Blumsky found that the hotels bulging with business folk during the week emptied out at weekends so he sought aggressively to market the city as a weekend destination, a place, as he puts it, "to spend, eat and sleep."
The "Send Yourself To Wellington" campaign was the result and when North and South joined in with its "top town" nomination, the city councillors rejoiced. Now the city is busy branding itself as "New Zealand's hottest urban destination."
The branding ads are plastered over a shot of Woodward St, a cricket-pitch-length lane which leads down from The Terrace to Lambton Quay. It looks virtually deserted and vaguely windswept and Aucklanders may compare it with Ponsonby Rd on any weeknight and chortle at Wellingtonians' presumption in dubbing their city "hot." Blumsky is unrepentant.
"We have a city which people have ownership of and are proud of," he says. "I don't think Aucklanders know what their city is. If you asked 100 people in the Wellington region whether they had been into the city, how many would say yes? 100. Now what about if you asked 100 Aucklanders?"
For all that ownership, Wellington may have a way to go before it can claim that it's particularly hot - or even particularly urban. Courtenay Place, the city's restaurant strip (and bus terminal), certainly has big-city pretensions to judge by the waiting staff in the cafes who do more waiting than work and stand around looking bored and gorgeous in their short black aprons while preening their frosted hair. But there's a yawning hole of waste ground in the middle of it, fenced in by sheets of plywood which proclaim that it will become "Courtenay Central." Ah, a shopping mall. Now there's an idea for a city centre.
It's along its waterfront that Wellington seems the most uncertain. On a good day - of which, I am told, they have so few - Wellington has the most spectacular of the country's harbours, ringed by slopes which sprout homes and apartments. But it's cut off from the city centre by the snarling, four-lane speedway of Jervois Quay. That Wellingtonians experience it as a kind of separation was proven by the failure of the waterfront shopping precinct in sheds which now house Shell's head office - and an events centre which few people seem to have a good word to say about.
What remains are long expanses of concrete runway which seem to belong to skaters, scooters, cyclists and joggers. But the city which calls so many of its streets quays seems oddly disconnected from the water. The council's plans to develop the waterfront ran into well-organised opposition from groups who reckon buildings will block harbour views and reduce access. Watch that space.

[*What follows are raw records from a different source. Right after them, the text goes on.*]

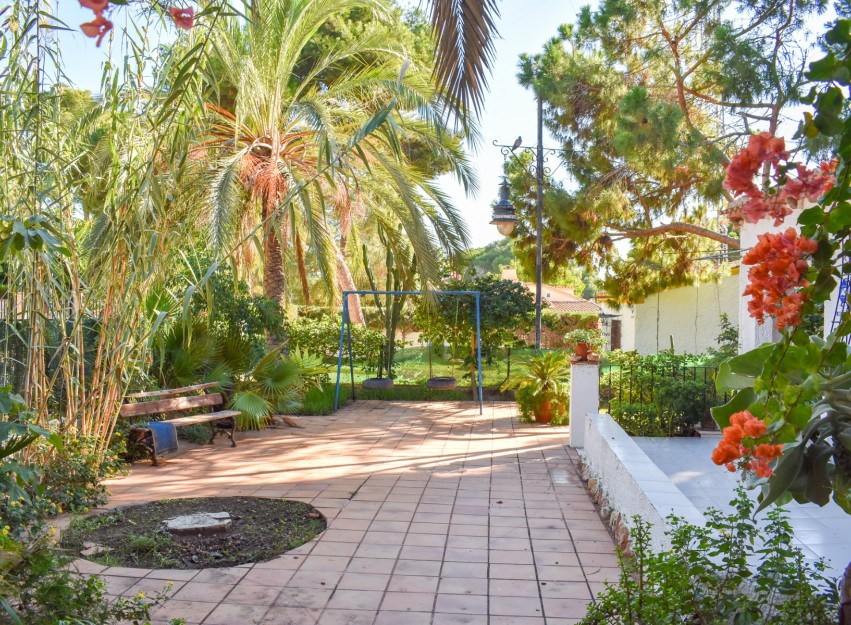 Resale - Villa - Orihuela Costa - Punta Prima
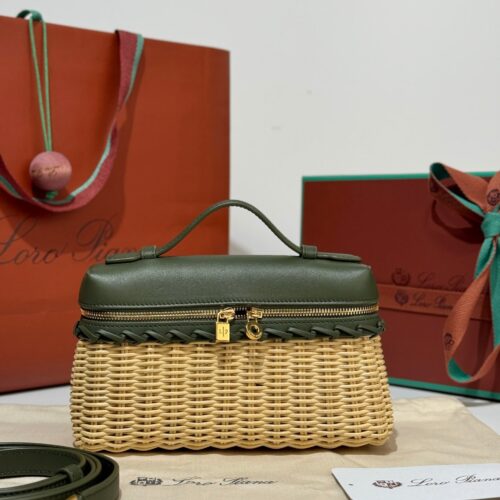 sy_no_769B9E71A44DD700BB671D8E27419CF5_0 Loro Piana Extra Pocket L19 – Woven Leather Bag (Green)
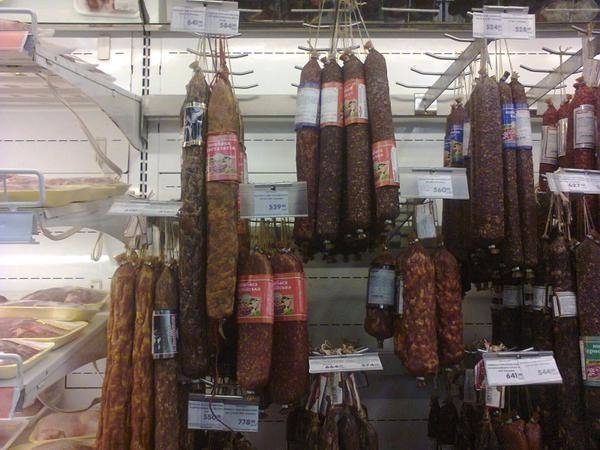 Ковбаса як розкіш. З’явились нові ціни з донецьких супермаркетів. ФОТО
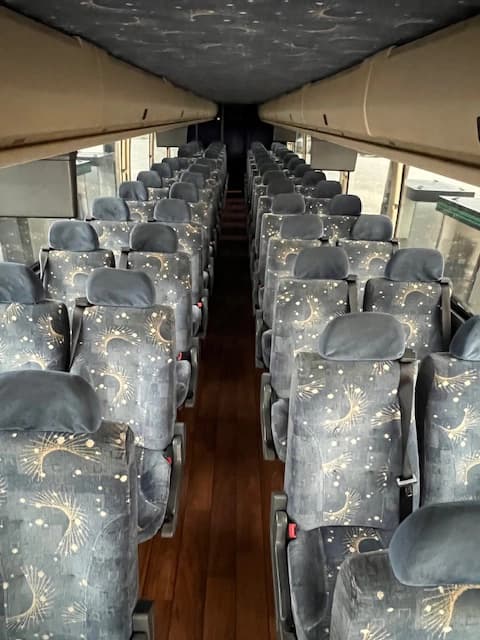 2011 Prevost H3-45 Motor Coach - Image 10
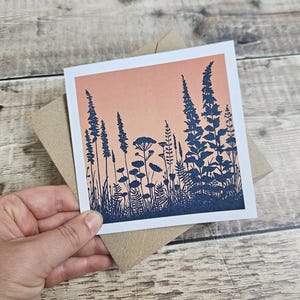 Fleurs sauvages bleues - une seule carte de voeux carrée avec enveloppe marron recyclée (vierge à l'intérieur)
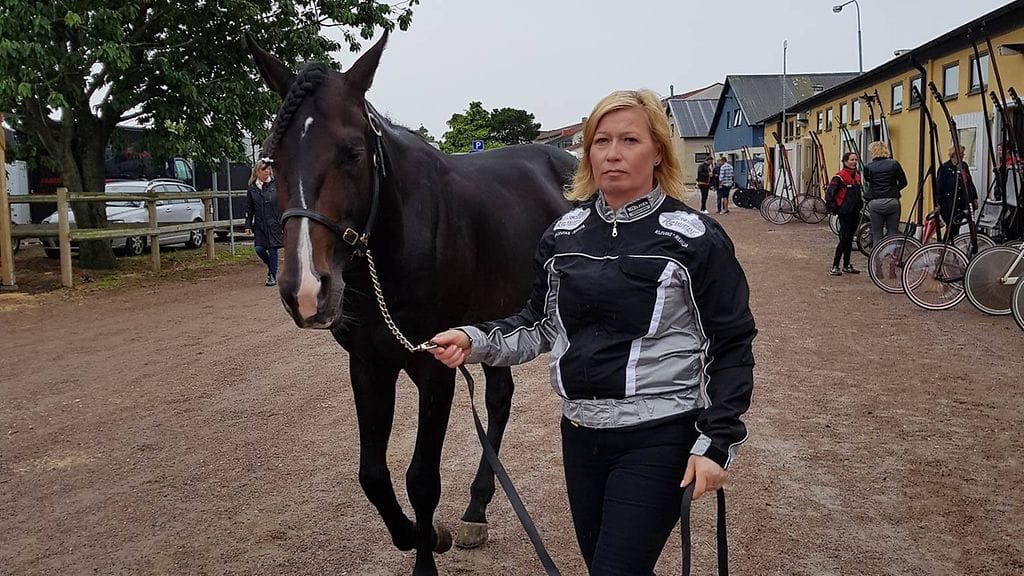 Workout Wonder ja Minna Kauhanen Jägersron tallialueella.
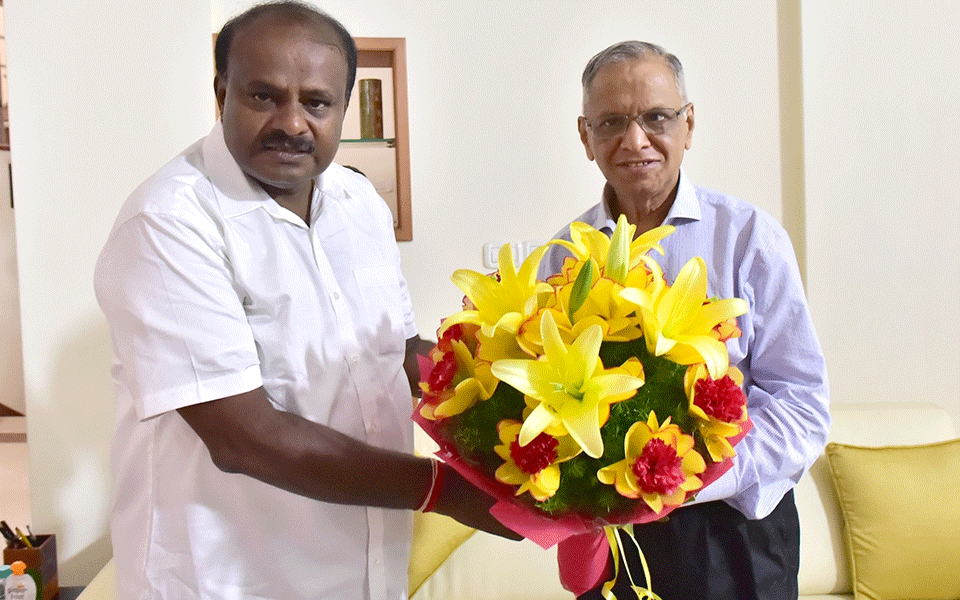 Kumaraswamy seeks Infosys' Murthy's expertise in improving infra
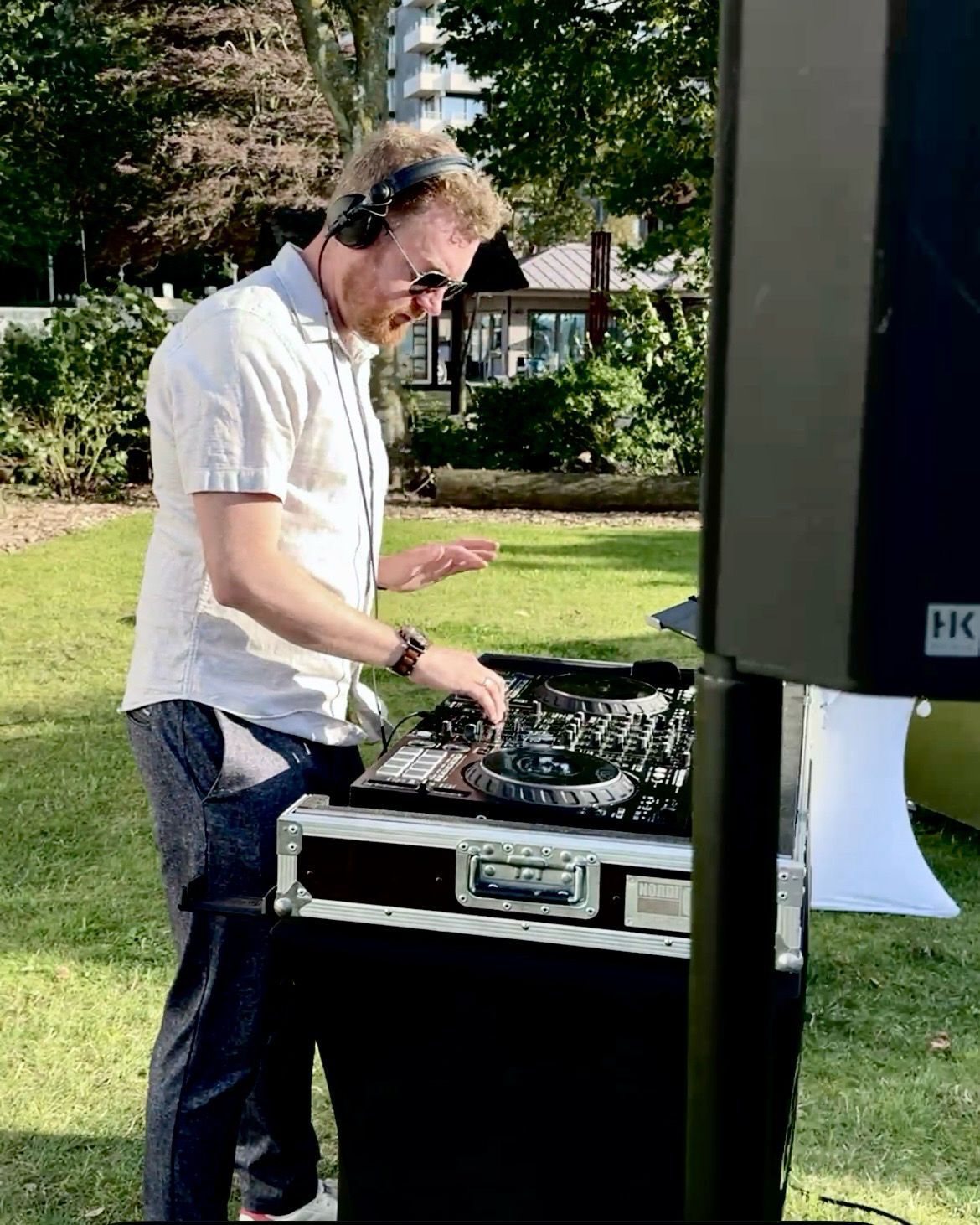 Dennis Genske legt bei einer Gartenparty unter freiem Himmel auf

For all it's "hot city" pretensions, Wellington might be better - and certainly more honest - depicting itself as a cool town. A village even. There are plenty of us Aucklanders who tire of the way so much of national life - cultural life in particular - is run by people from a town the size of a decent suburb in Waitakere. They constitute a cabal as powerful as any mafia - and their lives seem so self-absorbed we wonder if the expression about "life beyond the Bombay Hills" ought to change to "life beyond the Rimutakas."

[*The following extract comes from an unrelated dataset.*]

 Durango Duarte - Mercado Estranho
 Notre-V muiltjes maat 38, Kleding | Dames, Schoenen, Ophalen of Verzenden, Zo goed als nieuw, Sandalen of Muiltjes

An Aucklander of my acquaintance, forced by family circumstance to live in the capital, still hasn't got over the dinner-party conversations: a senior public-sector executive complains his job is boring and someone else says she has a friend who fancies a move. Half an hour and a bottle of Martinborough pinot noir later the rearrangement has been decided on - and by the end of the week it's a fait accompli.
That's the way they do things in villages - not in cities.